Jonah Lehrer’s How We Decide explores committee decision-making as a metaphor for what goes on inisde our minds when we make individual decisions. He gives the example of a New Hampshire newspaper editorial board choosing its preferred candidate in the last Democratic primary. Differing individual preferences end up presented in the newspaper as a unified decision. But the simple presentation belies the underlying dissonance. Our minds work in a similar way: presented with a choice, different bits of the brain fire off differing signals, and somehow out of the conflict a choice is made. Experiments suggest strongly that we then rationalise the choice and deny the internal dissonance, in order to get the comfort of certainty.
It’s not easy to make up your mind when your mind consists of so many competing parts. This is why being sure about something can be such a relief. The default state of the brain is indecisive disagreement… certainty imposes consensus on the inner cacophony.. Being certain means you’re not worried about being wrong.
Lehrer examines how partisan political supporters unconsciously reinterpret factual information to confirm their prevailing world view, which is why they very rarely change allegiance. He also cites Philip Tetlock’s research on the general fallibility of experts. Mark Earls described that here. And Bob Sutton had a good post recently suggesting that, if anything, confidence in self-evaluation tends to correlate with being wrong.

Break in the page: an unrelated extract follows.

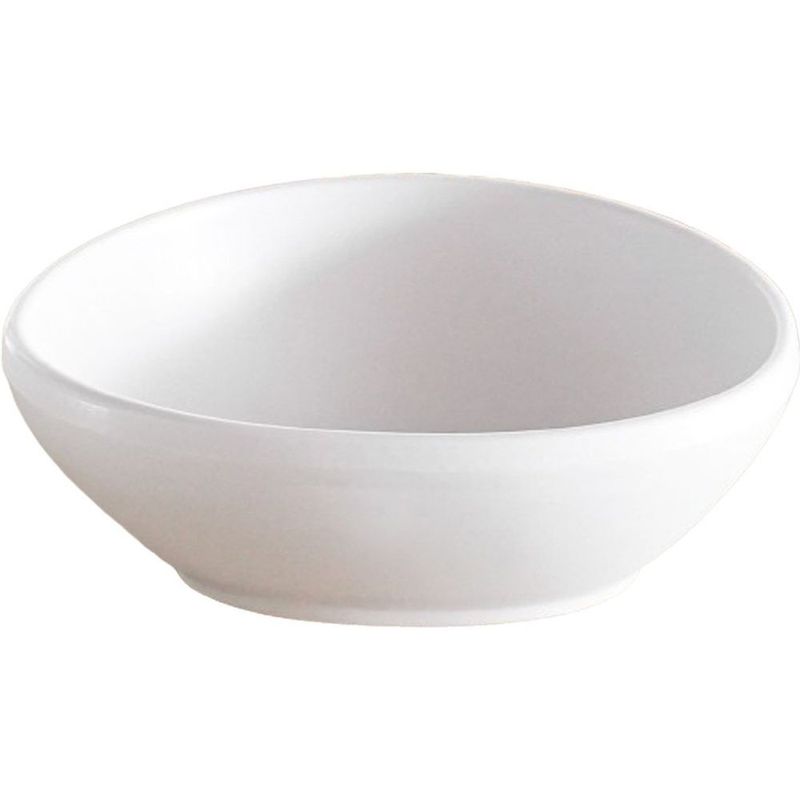 MKP004325003846-1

Many people want their meetings to work like this: listen to many opinions and then reach a confident, united decision. I think the danger of such ideals is that they may increase the likelihood of being wrong.
My own hunch is that good teams can function with greater tolerance for dissonance and don’t force “positivity” and decisiveness. I also find that when meetings take place within rigid hierarchies, the shadowy need to give the boss something certain (the “measurable, implementable, deliverable“) can completely sabotage that kind of high quality functioning.